Browning graduated from Ogden High School in 1913 and later studied law and engineering at Cornell University. As a young man he worked in the shop his grandfather had opened.

In 1918, Browning was commissioned as a second lieutenant with the United States Army and served with the 79th Infantry Division at Verdun during World War I.

== Career ==
In 1920, he became the manager of the manufacturing of John Browning guns in Liège, Belgium, and served as his father's representative to Fabrique Nationale de Herstal. Upon his father's death in 1926, Browning had the responsibility of completing the projects that were not finished by his father, including the Browning Superposed shotgun and the Browning Hi-Power pistol (GP-35) (the latter in cooperation with his father's Belgian assistant, Dieudonné Saive).
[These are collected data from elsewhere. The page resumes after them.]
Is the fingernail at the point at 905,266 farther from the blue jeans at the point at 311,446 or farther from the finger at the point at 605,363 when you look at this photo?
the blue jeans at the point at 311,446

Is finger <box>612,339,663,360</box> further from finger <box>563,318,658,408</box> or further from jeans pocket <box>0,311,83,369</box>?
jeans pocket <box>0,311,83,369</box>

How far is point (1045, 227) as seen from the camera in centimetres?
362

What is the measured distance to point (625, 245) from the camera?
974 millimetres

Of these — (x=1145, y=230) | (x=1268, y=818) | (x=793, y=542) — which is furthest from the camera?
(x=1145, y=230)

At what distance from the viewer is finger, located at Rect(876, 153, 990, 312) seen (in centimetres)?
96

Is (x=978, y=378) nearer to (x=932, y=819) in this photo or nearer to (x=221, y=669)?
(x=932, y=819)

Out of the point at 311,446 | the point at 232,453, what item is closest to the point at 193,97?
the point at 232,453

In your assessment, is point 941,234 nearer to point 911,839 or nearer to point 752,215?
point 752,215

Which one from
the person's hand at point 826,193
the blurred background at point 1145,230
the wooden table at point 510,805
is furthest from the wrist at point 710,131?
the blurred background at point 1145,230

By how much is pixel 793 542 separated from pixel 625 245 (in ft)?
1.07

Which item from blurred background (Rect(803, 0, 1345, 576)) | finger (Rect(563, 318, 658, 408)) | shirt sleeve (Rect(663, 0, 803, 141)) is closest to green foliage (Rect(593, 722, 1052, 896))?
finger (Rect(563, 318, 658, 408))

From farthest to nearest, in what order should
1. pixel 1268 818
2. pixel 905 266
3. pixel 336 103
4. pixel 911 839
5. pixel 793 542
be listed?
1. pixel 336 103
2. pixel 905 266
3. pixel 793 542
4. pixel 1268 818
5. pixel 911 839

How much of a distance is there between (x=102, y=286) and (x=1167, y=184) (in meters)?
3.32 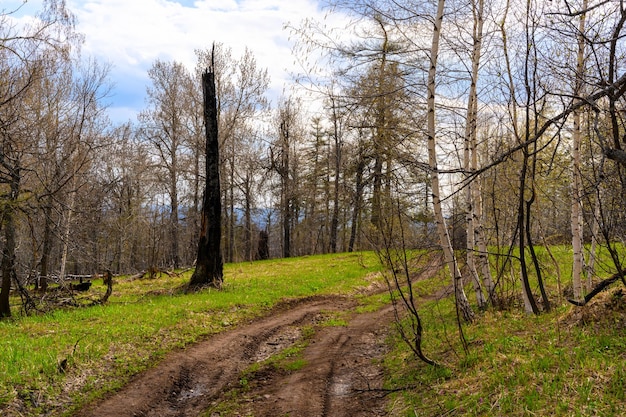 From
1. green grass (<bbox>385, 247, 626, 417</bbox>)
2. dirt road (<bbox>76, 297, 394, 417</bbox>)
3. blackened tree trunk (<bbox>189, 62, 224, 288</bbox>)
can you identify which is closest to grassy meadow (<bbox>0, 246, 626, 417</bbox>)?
green grass (<bbox>385, 247, 626, 417</bbox>)

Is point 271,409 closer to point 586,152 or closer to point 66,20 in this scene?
point 586,152

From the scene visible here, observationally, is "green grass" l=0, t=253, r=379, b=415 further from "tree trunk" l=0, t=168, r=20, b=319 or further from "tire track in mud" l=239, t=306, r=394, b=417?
"tire track in mud" l=239, t=306, r=394, b=417

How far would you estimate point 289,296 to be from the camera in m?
13.0

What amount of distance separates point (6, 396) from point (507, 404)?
5782 mm

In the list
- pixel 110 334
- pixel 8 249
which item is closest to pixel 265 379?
pixel 110 334

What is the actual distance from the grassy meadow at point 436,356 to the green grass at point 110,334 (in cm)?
2

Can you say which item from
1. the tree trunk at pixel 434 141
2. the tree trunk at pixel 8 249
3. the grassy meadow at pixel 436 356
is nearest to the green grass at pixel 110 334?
the grassy meadow at pixel 436 356

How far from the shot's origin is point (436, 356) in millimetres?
6285

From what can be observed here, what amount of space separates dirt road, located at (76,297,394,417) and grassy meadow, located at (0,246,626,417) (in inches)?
12.3

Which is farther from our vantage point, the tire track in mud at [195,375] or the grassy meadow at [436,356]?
the tire track in mud at [195,375]

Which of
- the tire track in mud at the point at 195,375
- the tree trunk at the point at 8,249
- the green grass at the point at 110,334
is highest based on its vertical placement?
the tree trunk at the point at 8,249

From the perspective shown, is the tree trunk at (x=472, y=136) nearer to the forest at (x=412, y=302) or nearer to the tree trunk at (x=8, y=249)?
the forest at (x=412, y=302)

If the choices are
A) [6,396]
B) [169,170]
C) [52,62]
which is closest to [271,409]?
[6,396]

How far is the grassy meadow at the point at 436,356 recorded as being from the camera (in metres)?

In 1935, he returned to Utah as president of Browning Arms Company. Browning received 48 gun patents during his career. In 1955, he was awarded Knighthood in the Order of Léopold by King Baudouin of Belgium for an "outstanding contribution to the Gun Making Art."

Browning spent his career representing business interests in the United States and Europe. In addition to chairing Browning Arms, he served as director of the First Security Corporation, Utah International, Amalgamated Sugar Company, and the Mountain Fuel Supply Company. Through the 1940s purchase of some of W. L. Wattis' founding shares in Utah Construction Company, Browning shared in the substantial gains in the sale of Utah International.

== Personal life ==
In 1924, Browning married Ann Chaffin (1901–1975) of Farmington, Utah. They had four children. They lived in Belgium until 1935 when they returned to Utah.

He was a member of the Church of Jesus Christ of Latter-day Saints. Browning was a benefactor of Dixie College and Weber State University. His substantial collection of European fine art formed the basis of the Utah Museum of Fine Arts masterwork paintings.

Browning died May 16, 1994, and was buried at Lindquist Washington Heights Memorial Park in Ogden, Utah.